What needs to be done: Restrict the output to the lines below starting at the one that contains "タウンズビルの中サイズのトロ" and ending at the one that contains "People walk in", and restate them word for word, both ends included.

═══ Data supplied

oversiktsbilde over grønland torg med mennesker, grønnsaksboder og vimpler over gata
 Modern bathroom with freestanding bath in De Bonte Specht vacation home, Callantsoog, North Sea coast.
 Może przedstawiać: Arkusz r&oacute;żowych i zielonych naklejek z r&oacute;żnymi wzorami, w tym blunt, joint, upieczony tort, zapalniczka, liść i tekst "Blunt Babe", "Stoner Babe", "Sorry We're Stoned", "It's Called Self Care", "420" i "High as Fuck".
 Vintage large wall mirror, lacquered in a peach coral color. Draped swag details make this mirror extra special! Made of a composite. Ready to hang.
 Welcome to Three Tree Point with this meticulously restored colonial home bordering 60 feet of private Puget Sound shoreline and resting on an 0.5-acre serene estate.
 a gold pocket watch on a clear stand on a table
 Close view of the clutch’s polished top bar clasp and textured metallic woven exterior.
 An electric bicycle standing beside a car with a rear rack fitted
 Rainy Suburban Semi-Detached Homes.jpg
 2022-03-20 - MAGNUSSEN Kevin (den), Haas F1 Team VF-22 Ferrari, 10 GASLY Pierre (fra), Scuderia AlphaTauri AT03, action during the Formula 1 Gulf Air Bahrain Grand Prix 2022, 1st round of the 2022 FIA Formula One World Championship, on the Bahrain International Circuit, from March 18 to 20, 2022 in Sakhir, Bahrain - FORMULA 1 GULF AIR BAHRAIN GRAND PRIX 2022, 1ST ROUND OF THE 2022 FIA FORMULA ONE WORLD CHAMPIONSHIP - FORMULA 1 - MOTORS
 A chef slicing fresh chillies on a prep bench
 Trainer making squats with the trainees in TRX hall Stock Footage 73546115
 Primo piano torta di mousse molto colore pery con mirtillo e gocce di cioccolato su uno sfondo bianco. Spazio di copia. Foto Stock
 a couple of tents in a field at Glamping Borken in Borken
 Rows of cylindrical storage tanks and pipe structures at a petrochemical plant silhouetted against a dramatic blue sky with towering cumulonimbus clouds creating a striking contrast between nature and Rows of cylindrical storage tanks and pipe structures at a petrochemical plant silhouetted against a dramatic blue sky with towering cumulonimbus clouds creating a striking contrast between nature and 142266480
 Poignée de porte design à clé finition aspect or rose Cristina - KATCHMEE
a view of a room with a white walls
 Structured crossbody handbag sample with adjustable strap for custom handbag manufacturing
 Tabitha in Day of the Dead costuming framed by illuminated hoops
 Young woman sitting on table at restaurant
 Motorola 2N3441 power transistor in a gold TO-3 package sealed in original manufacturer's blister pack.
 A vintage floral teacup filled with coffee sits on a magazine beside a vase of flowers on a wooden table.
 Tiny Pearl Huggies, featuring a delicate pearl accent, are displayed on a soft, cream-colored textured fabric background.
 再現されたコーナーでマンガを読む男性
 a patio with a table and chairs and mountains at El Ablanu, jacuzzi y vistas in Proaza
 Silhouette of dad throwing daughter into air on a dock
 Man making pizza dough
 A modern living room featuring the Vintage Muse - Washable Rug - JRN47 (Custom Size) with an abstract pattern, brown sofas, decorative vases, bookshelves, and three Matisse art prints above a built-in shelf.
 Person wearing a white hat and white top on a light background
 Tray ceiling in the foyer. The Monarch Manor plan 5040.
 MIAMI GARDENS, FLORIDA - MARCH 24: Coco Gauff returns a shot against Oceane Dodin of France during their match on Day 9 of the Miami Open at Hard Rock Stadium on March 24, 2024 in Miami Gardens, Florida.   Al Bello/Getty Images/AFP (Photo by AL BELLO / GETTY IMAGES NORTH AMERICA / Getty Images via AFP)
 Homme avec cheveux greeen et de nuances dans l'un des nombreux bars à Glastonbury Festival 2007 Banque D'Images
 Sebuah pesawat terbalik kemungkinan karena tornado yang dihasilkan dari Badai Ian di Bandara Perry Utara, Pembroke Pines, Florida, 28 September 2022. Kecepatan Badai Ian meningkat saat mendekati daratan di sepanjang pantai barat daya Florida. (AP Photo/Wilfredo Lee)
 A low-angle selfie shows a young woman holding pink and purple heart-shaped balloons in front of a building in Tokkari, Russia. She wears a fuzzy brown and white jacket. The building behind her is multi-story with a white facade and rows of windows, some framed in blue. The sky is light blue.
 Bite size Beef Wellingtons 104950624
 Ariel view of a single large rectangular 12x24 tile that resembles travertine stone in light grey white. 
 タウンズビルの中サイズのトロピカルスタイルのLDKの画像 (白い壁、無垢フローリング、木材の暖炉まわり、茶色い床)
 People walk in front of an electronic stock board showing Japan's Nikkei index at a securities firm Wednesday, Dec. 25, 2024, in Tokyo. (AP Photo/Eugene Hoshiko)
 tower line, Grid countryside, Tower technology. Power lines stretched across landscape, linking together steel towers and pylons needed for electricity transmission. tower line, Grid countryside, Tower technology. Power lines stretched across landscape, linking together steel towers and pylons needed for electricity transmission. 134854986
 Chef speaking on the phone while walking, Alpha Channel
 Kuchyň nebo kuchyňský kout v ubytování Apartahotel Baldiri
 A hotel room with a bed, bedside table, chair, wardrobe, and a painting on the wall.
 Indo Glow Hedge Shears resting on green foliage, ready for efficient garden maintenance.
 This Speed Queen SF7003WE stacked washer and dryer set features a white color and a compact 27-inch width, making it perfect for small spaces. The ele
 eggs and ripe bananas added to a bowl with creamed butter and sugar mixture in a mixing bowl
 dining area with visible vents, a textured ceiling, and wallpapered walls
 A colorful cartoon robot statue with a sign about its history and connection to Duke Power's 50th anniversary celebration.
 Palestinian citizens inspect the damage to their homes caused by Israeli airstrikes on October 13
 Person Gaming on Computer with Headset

══════

Response:
 タウンズビルの中サイズのトロピカルスタイルのLDKの画像 (白い壁、無垢フローリング、木材の暖炉まわり、茶色い床)
 People walk in front of an electronic stock board showing Japan's Nikkei index at a securities firm Wednesday, Dec. 25, 2024, in Tokyo. (AP Photo/Eugene Hoshiko)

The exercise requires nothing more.